= SUPPLIED MATERIAL =

___

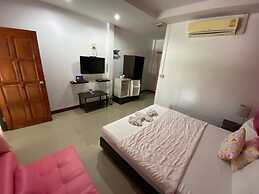 OYO 1057 Relax Resort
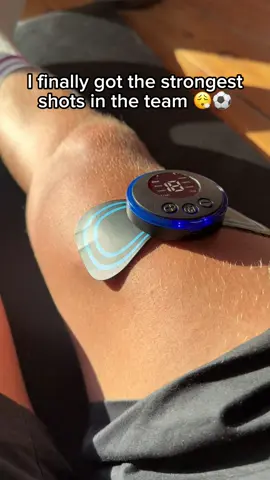 My shots has never been as strong as lately fr #footballtiktok #strong #shots #power #footballer 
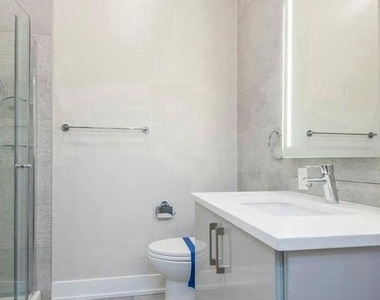 802 Sansom Street - Photo Thumbnail 7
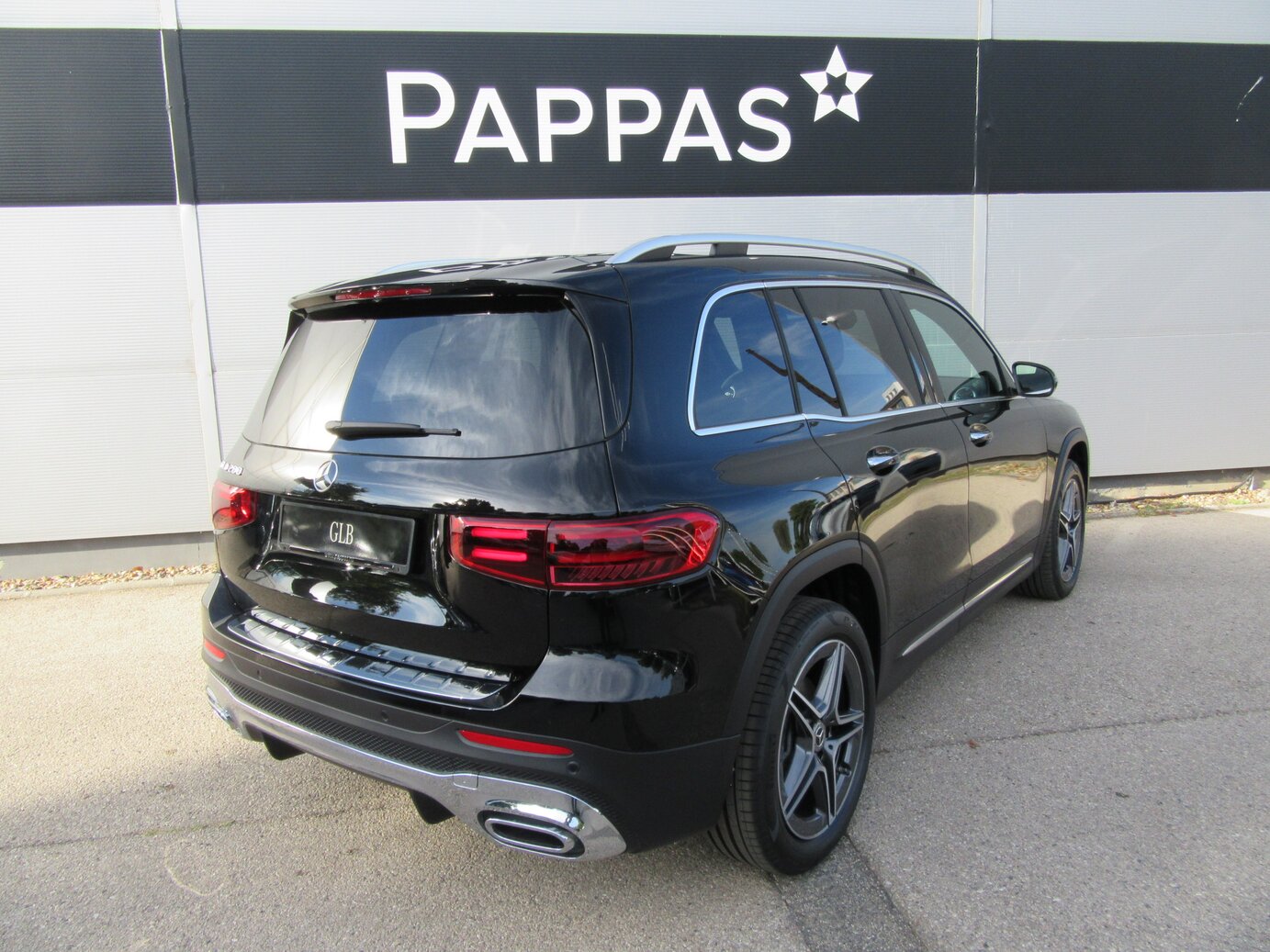 Mercedes-Benz GLB 200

___

= REQUIRED WORK =
Set down again, exactly, the lines from the one with "802 Sansom Street - Photo Thumbnail 7" to the last line of the data, both included and pictures excluded.

= RESPONSE TO THE TASK =
 802 Sansom Street - Photo Thumbnail 7
 Mercedes-Benz GLB 200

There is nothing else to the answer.